Dans l’actuel débat sur le projet de charte des valeurs québécoise, présentée par le gouvernement du Parti québécois, un sujet enflamme les passions plus que les autres, celui du port du voile (foulard, hidjab) par les musulmanes dans les services publics. Même si le projet de charte parle de signes religieux ostentatoires, bien peu de gens ont parlé de la kippa ou du turban, mais beaucoup a été dit sur le hidjab.
Diverses réflexions sur les motivations des femmes qui le portent, motivations religieuses, certes, mais aussi politiques et identitaires ont été présentées. Pourtant assez peu s’est dit sur ce que pouvait signifier le hidjab pour les personnes, femmes ou hommes, qui le voient dans l’espace public. On a parlé de signe d’inégalité entre les sexes, voire de soumission de la femme. Certains ont aussi évoqué qu’il pouvait être un obstacle dans la communication entre les personnes. Dans un véritable dialogue interculturel, il est important que chacun puisse s’exprimer sur le sens qu’il donne au port du voile islamique et l’effort de compréhension de la vision de l’autre doit être partagé.
En effet, une des choses qui distingue le hidjab de la kippa et du turban est la mixité des sexes dans l’espace public. Le port d’un couvre-chef, même s’il ne touche qu’un sexe, le masculin, est, pour un Juif ou un Sikh, indépendant de la présence ou non de femmes. Pour le hidjab, c’est le contraire. Dans un contexte familial, ou entre femmes seulement, le hidjab devient facultatif. C’est donc dire que sans hommes, il n’y aurait pas de voile !

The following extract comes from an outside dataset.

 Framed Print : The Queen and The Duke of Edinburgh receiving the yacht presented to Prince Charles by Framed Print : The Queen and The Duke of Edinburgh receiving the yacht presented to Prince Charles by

À mon sens, cela pose non seulement la question de l’égalité entre les sexes, ce qui a été souvent souligné, mais plus largement les questions de la relation entre les sexes, de la ségrégation sexuelle et de la mixité. Les controverses sur l’utilisation des piscines publiques, où on réserve parfois des plages horaires pour les femmes seulement, illustrent bien cette problématique. Encore une fois, le débat citoyen est nécessaire.
Il ne faut pas oublier non plus que la laïcisation du Québec a pris son envol dans les années 1960 et concernait alors la religion de la majorité, le catholicisme. Il en est de même avec la loi de 1905 en France. Alors qu’aujourd’hui, le débat sur la laïcité se fait dans un contexte d’immigration beaucoup plus importante et touche donc les religions minoritaires, celles de certaines communautés culturelles. Il faut en tenir compte dans le débat actuel, et chercher à éviter les raccourcis et les discours qui excluent.
Enfin, la laïcisation doit être vue comme un processus continu, et non comme une lutte à finir. Bien que commencée depuis plusieurs décennies, et malgré des progrès indéniables, la laïcisation du Québec se poursuit encore, avec ou sans charte. Souvenons-nous qu’il y a eu de l’enseignement religieux dans les écoles publiques québécoises jusqu’en 2008. L’adoption d’une éventuelle charte viendra bien sûr poser des jalons importants dans ce processus, à nous de définir, par débat démocratique, de quoi seront faits ces jalons.